- [Try it]: Copy out each entry below verbatim, skipping the images.

***** Information given *****

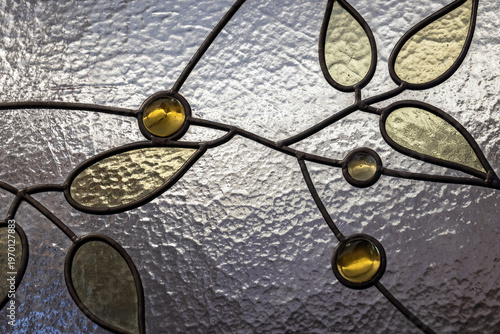 Obraz na plátne Ornamental stained glass panel featuring leaf-shaped panes, textured background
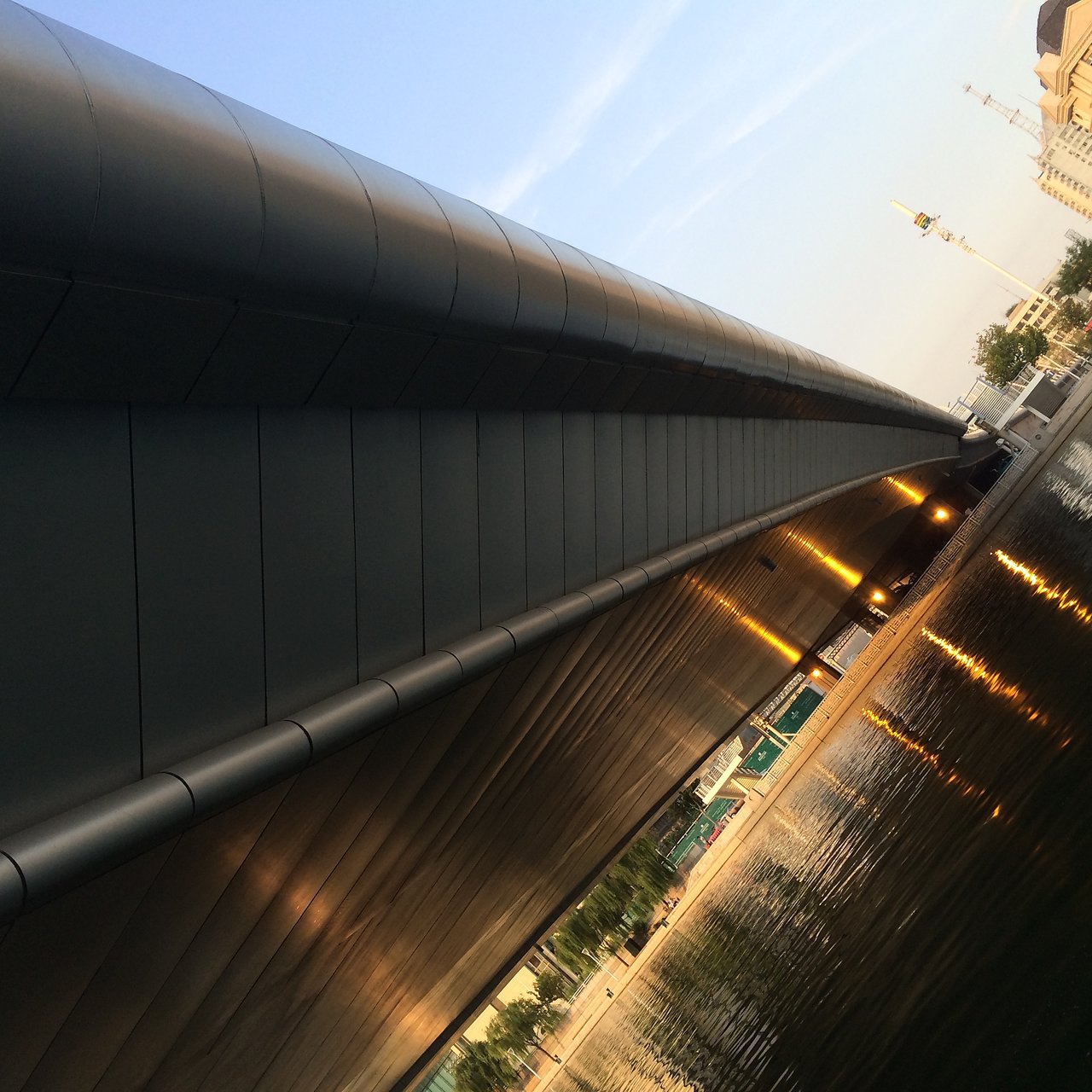 A modern bridge with metallic panels reflecting lights, spanning over a calm body of water at dusk.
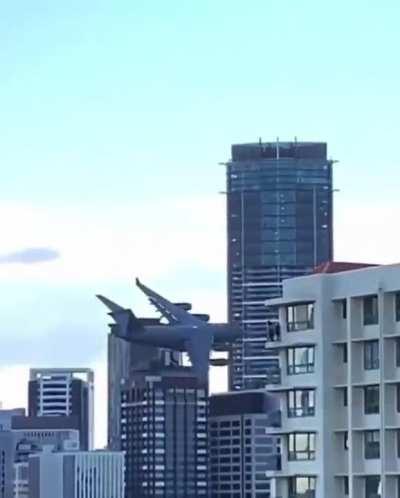 Flying a Boeing C-17 Globemaster through the middle of the city.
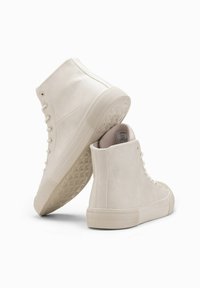 Zapatillas altas en material blanco roto, con una suela de goma texturizada, diseño de cordones y parte superior lisa con un sutil detalle en las costuras.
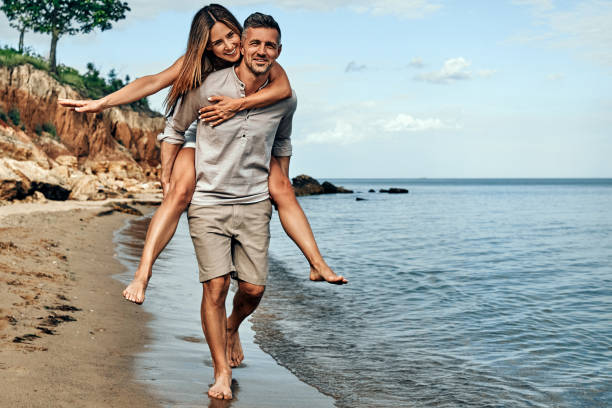 mężczyzna trzyma na rękach piękną kobietę. para spędza czas nad brzegiem morza. lato, morze, dobry nastrój. - beach couple satisfaction playing zdjęcia i obrazy z banku zdjęć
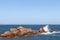 Boulders and surf on the Pink Granite Coast in Brittany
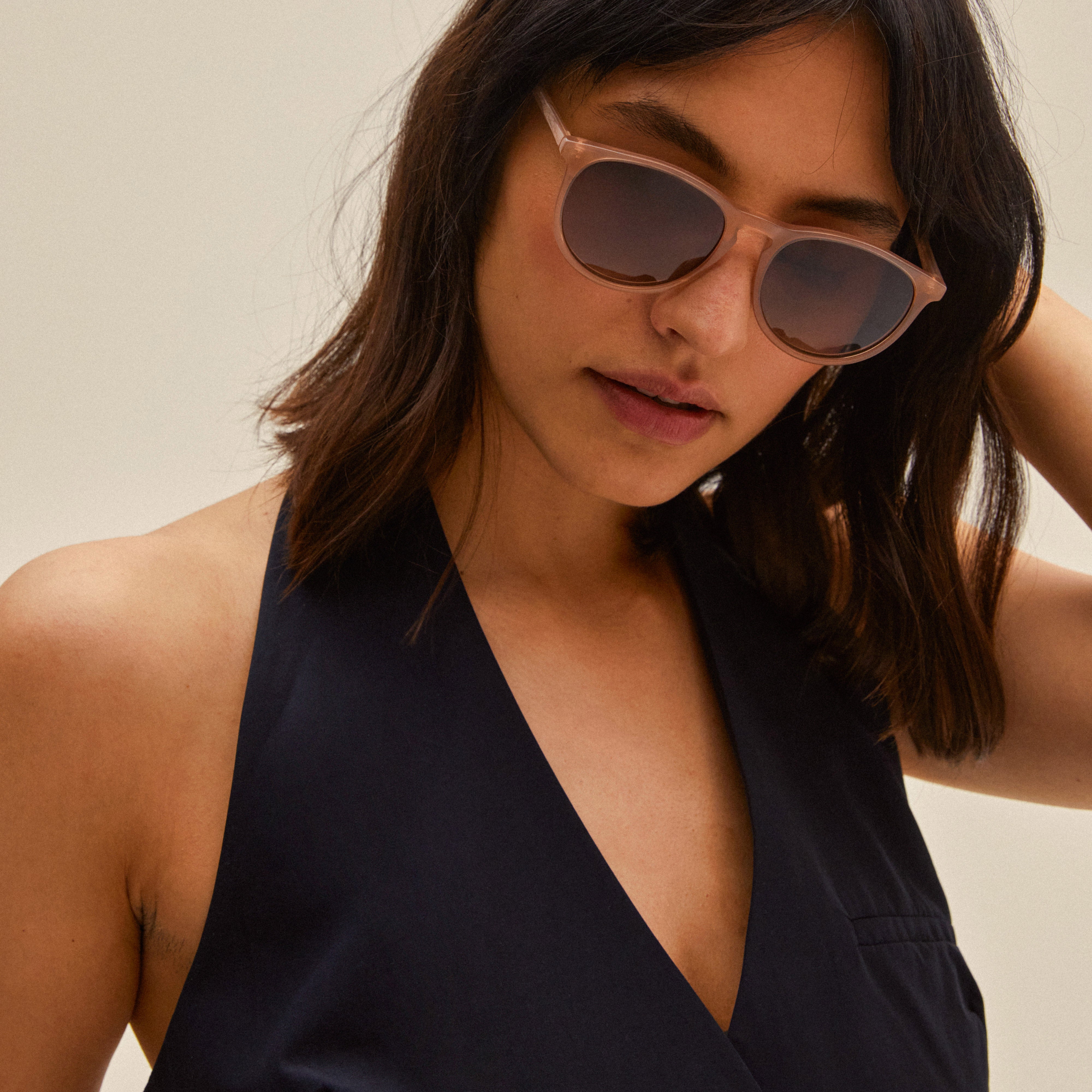 SAHARA sunglasses rose, shown on a woman, feature sleek recycled acetate frames, offering a chic look with UV400 protection, perfect for any occasion.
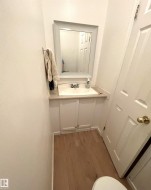 Powder room featuring a framed mirror, a vanity with a drop-in sink, white cabinetry, and wood-finish flooring - 
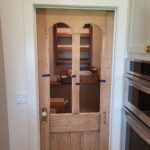 French doors with arched glass panes and solid lower panels, raw wood finish, installed in cased opening.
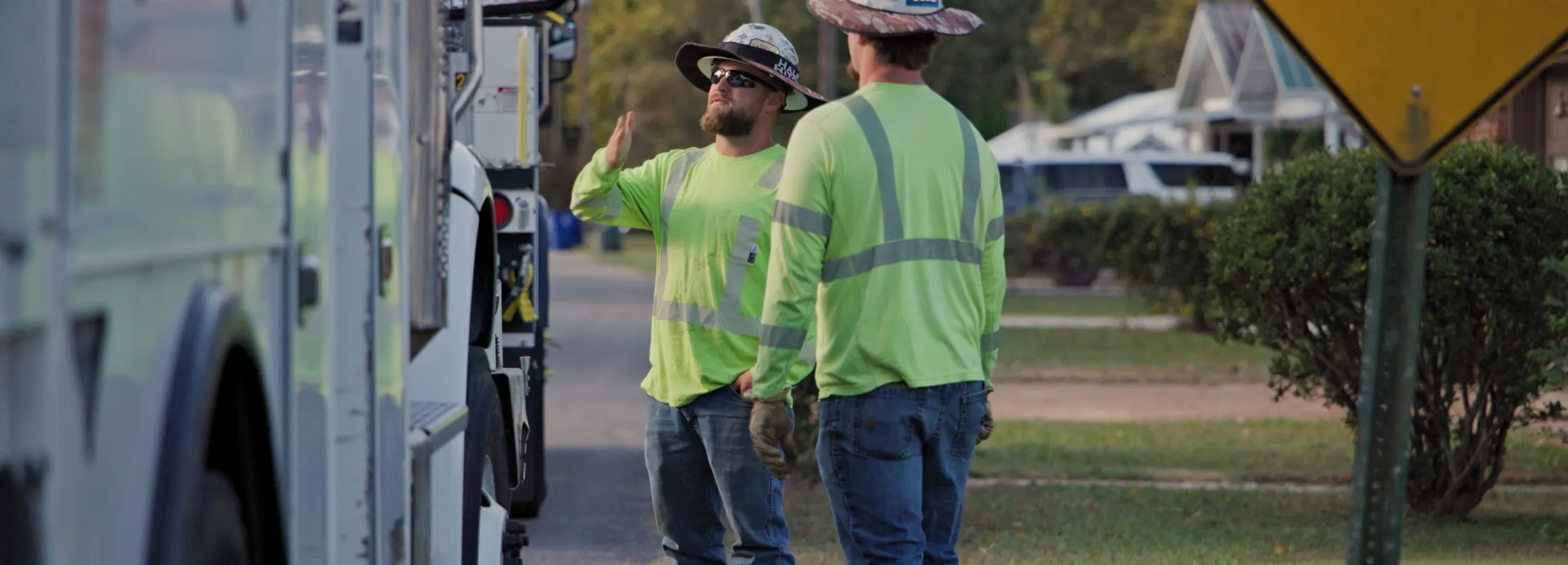 Two utility workers in reflective gear talking beside a utility truck near a street with an end sign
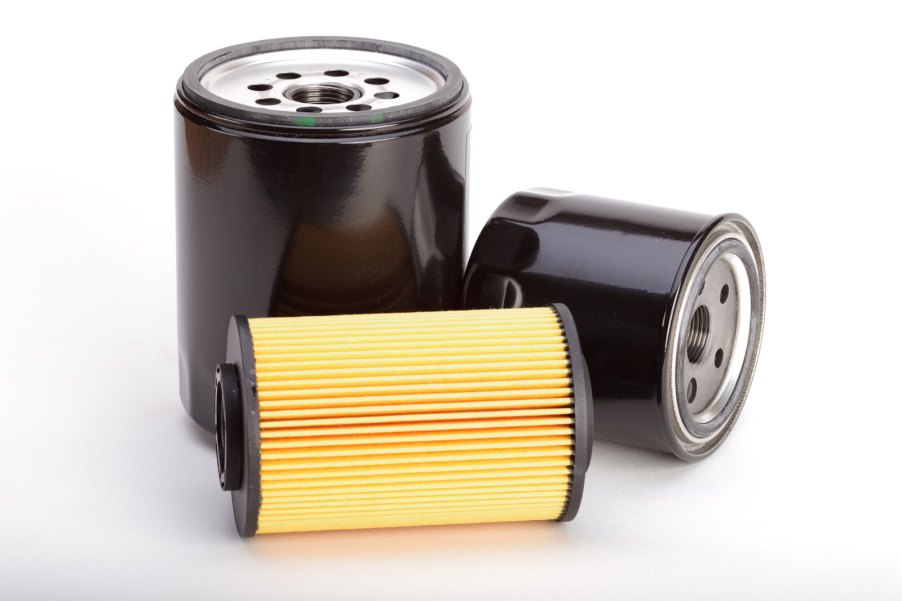 Three different car engine oil filters on a white background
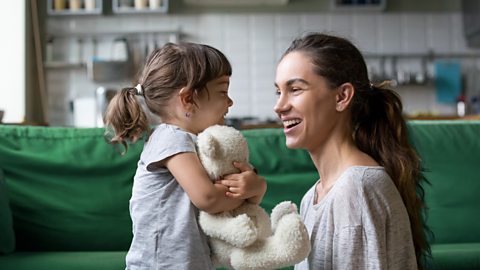 A mother and daughter share a moment, talking about feelings with a smile on each of their faces. The daughter holds a white teddy bear,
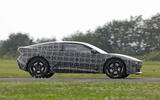 BMW Neue Klasse coupe camouflaged side tracking BMW Neue Klasse coupe camouflaged side tracking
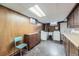 Functional laundry area with wood cabinets, utility sink, and laundry machines at 7950 Maria St, Westminster, CO 80030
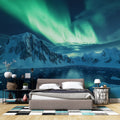 Northern lights wallpaper creates a magical atmosphere in a modern bedroom, green aurora dancing above mountains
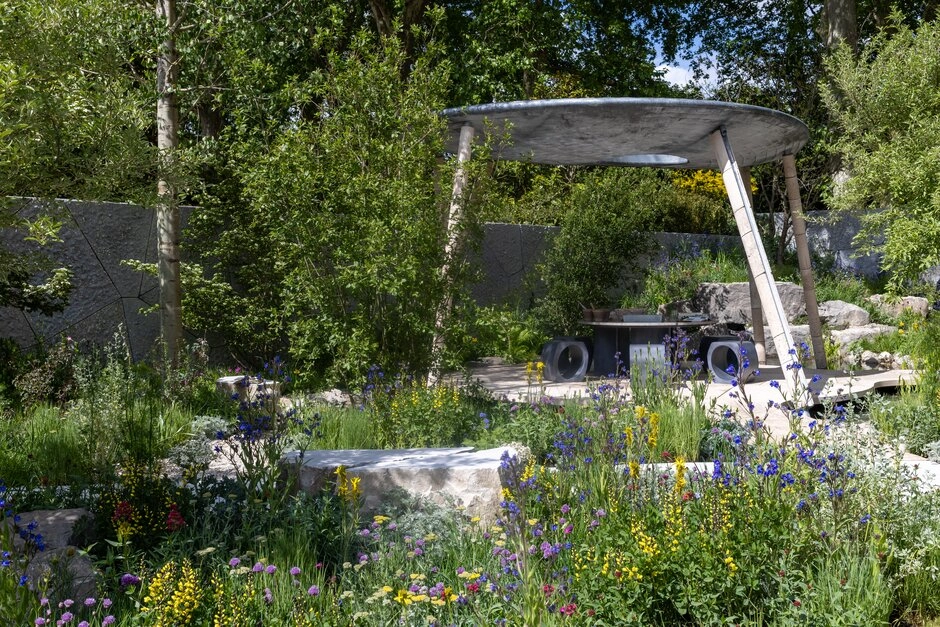 Kontrollü vahşilik temalı bir Chelsea Flower Show bahçe trendi örneği olan bu geniş peyzaj, yer yer irili ufaklı taşlarla bezenmiş doğal bitki örtüsü içinde, canlı sarı, mor ve mavi kır çiçekleriyle dolu; arka planda ise modern, düz gri bir gölgelik ve etrafı yeşil ağaçlarla çevrili gri dokulu bir duvar görülüyor.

*****

- [Exercise output]:
 Obraz na plátne Ornamental stained glass panel featuring leaf-shaped panes, textured background
 A modern bridge with metallic panels reflecting lights, spanning over a calm body of water at dusk.
 Flying a Boeing C-17 Globemaster through the middle of the city.
 Zapatillas altas en material blanco roto, con una suela de goma texturizada, diseño de cordones y parte superior lisa con un sutil detalle en las costuras.
 mężczyzna trzyma na rękach piękną kobietę. para spędza czas nad brzegiem morza. lato, morze, dobry nastrój. - beach couple satisfaction playing zdjęcia i obrazy z banku zdjęć
 Boulders and surf on the Pink Granite Coast in Brittany
 SAHARA sunglasses rose, shown on a woman, feature sleek recycled acetate frames, offering a chic look with UV400 protection, perfect for any occasion.
 Powder room featuring a framed mirror, a vanity with a drop-in sink, white cabinetry, and wood-finish flooring - 
 French doors with arched glass panes and solid lower panels, raw wood finish, installed in cased opening.
 Two utility workers in reflective gear talking beside a utility truck near a street with an end sign
 Three different car engine oil filters on a white background
 A mother and daughter share a moment, talking about feelings with a smile on each of their faces. The daughter holds a white teddy bear,
 BMW Neue Klasse coupe camouflaged side tracking BMW Neue Klasse coupe camouflaged side tracking
 Functional laundry area with wood cabinets, utility sink, and laundry machines at 7950 Maria St, Westminster, CO 80030
 Northern lights wallpaper creates a magical atmosphere in a modern bedroom, green aurora dancing above mountains
 Kontrollü vahşilik temalı bir Chelsea Flower Show bahçe trendi örneği olan bu geniş peyzaj, yer yer irili ufaklı taşlarla bezenmiş doğal bitki örtüsü içinde, canlı sarı, mor ve mavi kır çiçekleriyle dolu; arka planda ise modern, düz gri bir gölgelik ve etrafı yeşil ağaçlarla çevrili gri dokulu bir duvar görülüyor.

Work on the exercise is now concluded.